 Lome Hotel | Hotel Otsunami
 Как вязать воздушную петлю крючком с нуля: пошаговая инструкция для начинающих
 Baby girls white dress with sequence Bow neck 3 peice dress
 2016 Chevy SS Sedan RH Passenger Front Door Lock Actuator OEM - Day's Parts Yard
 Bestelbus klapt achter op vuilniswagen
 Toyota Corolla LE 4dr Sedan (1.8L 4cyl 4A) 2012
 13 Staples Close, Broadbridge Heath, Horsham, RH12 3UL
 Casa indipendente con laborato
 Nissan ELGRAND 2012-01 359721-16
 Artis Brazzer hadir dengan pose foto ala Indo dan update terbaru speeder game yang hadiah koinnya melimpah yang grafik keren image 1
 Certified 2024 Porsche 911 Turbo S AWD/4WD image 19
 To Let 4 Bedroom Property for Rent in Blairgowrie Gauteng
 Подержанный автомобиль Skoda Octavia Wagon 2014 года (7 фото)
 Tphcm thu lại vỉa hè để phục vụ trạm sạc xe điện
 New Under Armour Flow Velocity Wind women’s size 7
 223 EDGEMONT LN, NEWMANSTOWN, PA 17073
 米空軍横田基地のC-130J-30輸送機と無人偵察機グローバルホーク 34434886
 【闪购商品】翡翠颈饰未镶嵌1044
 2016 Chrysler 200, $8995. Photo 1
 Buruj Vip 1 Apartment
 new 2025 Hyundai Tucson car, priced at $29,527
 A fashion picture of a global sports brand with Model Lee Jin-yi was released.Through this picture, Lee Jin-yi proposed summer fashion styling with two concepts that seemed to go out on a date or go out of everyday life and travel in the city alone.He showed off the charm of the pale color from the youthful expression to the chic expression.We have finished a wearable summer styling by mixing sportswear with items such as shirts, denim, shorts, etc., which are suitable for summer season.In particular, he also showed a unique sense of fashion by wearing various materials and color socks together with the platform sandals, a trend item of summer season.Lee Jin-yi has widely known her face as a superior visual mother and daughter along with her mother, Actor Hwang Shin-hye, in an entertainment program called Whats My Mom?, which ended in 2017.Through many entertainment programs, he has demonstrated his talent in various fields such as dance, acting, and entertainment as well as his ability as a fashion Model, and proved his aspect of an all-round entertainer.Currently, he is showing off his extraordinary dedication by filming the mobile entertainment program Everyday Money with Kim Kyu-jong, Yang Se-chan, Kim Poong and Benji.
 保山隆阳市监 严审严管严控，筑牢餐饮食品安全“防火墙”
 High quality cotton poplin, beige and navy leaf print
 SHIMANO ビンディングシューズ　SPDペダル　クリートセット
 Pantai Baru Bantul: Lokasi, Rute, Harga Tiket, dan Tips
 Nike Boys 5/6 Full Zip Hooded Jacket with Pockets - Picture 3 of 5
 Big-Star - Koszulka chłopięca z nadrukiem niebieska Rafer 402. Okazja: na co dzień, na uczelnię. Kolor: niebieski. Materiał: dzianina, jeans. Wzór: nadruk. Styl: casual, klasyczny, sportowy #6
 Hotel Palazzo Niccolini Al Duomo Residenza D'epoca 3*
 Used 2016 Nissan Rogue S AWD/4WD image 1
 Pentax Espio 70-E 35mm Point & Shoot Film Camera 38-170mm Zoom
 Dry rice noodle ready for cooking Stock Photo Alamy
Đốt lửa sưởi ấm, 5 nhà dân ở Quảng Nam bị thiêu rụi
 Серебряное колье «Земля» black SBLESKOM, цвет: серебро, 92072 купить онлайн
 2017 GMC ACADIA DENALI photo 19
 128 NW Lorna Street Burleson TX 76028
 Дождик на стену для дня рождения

_ _ _ _

EXERCISE AIM: Take the listing above from its first line through the line containing "Toyota Corolla LE", and transcribe that stretch exactly, with no other lines.

ANSWER AREA:
 Lome Hotel | Hotel Otsunami
 Как вязать воздушную петлю крючком с нуля: пошаговая инструкция для начинающих
 Baby girls white dress with sequence Bow neck 3 peice dress
 2016 Chevy SS Sedan RH Passenger Front Door Lock Actuator OEM - Day's Parts Yard
 Bestelbus klapt achter op vuilniswagen
 Toyota Corolla LE 4dr Sedan (1.8L 4cyl 4A) 2012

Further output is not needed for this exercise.